» **Your assignment**: Pictures excluded, reproduce exactly the lines below from the one with "I Became a Human's" through the one with "everything搜索工具", both included.

» **Supplied data**:
>>>
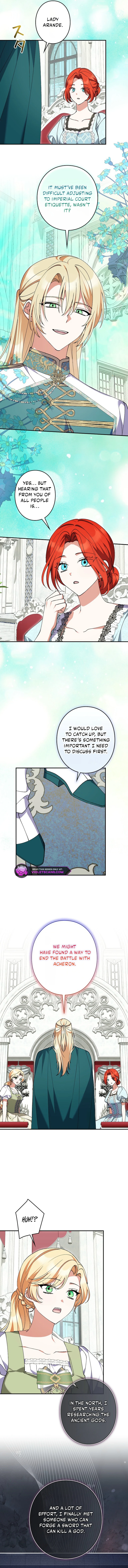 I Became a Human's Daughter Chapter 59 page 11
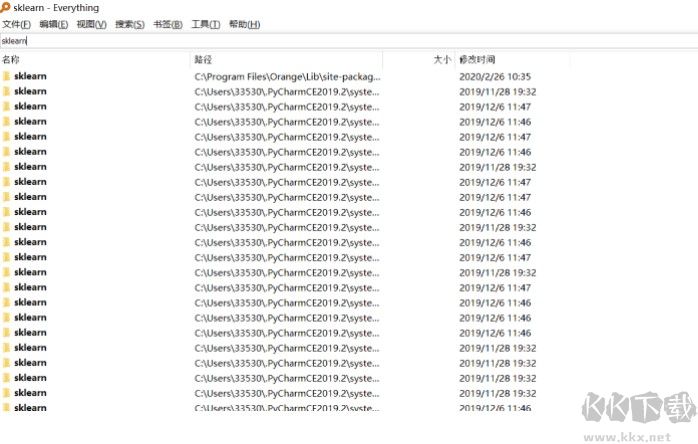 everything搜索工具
<<<
>>>
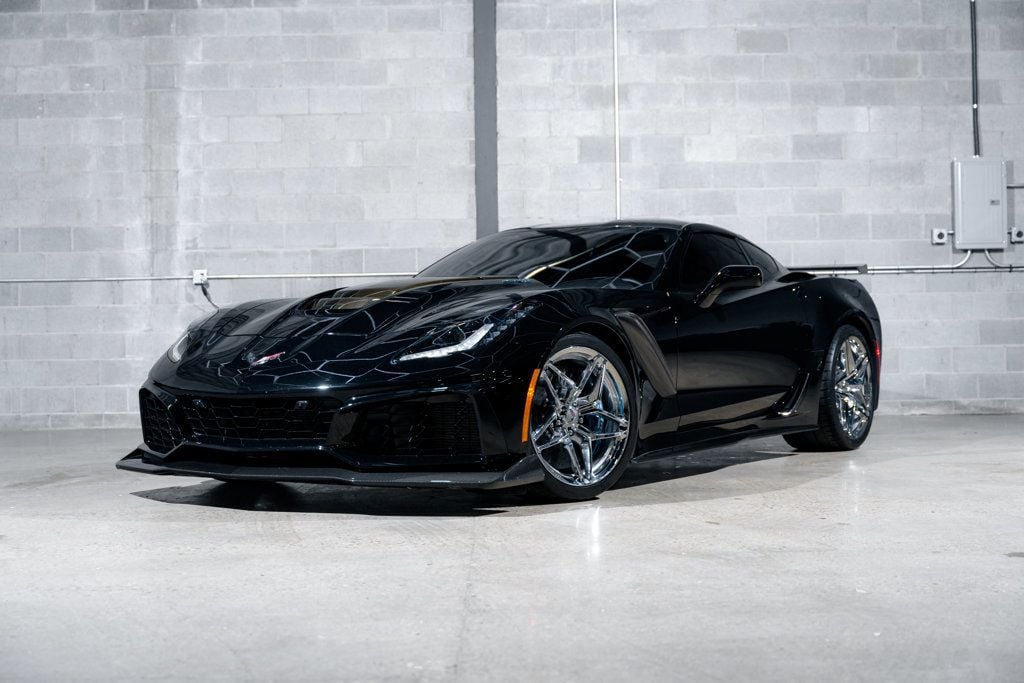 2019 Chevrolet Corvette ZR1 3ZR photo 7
<<<
>>>
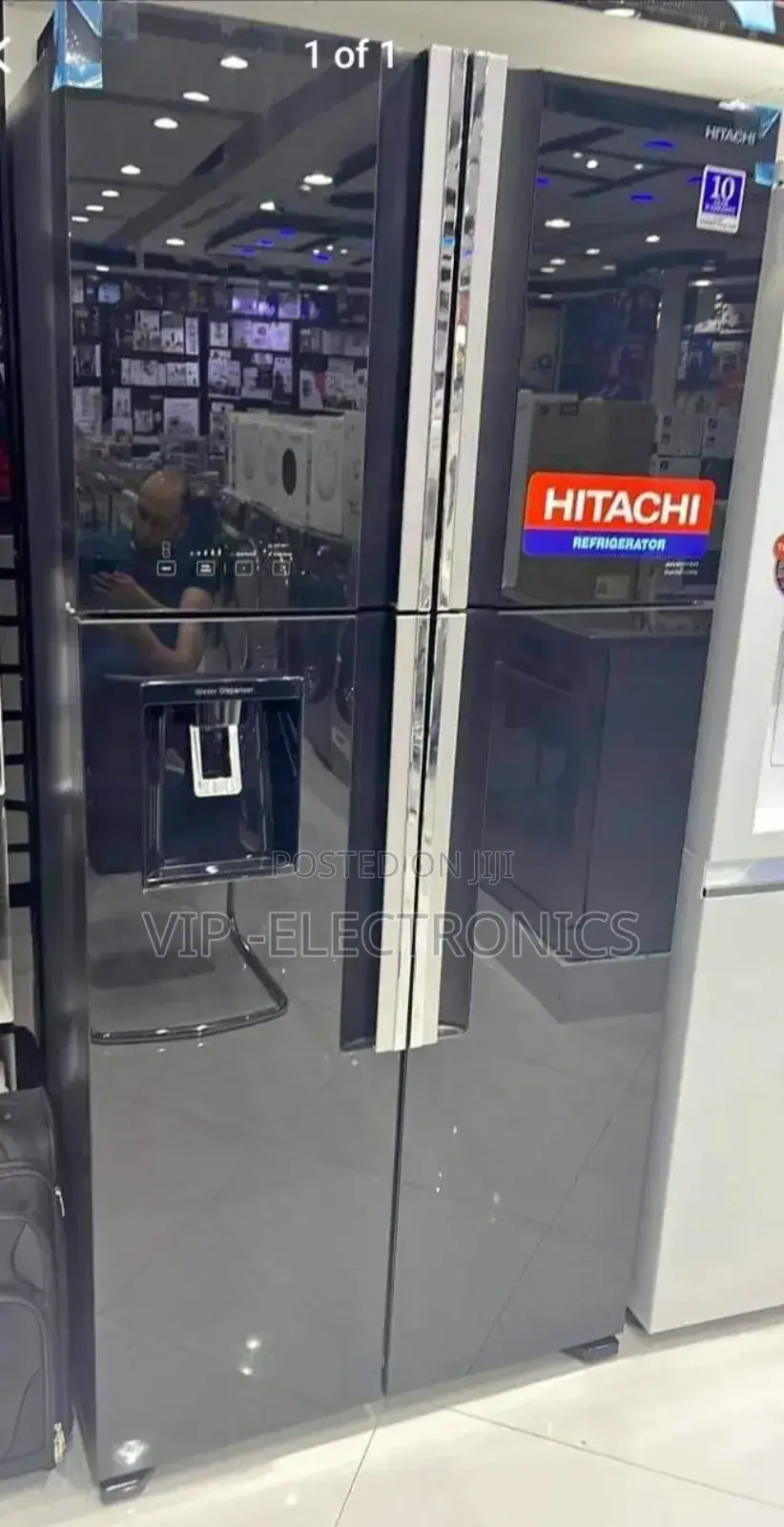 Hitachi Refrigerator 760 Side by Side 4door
<<<
» **Answer box**:
 I Became a Human's Daughter Chapter 59 page 11
 everything搜索工具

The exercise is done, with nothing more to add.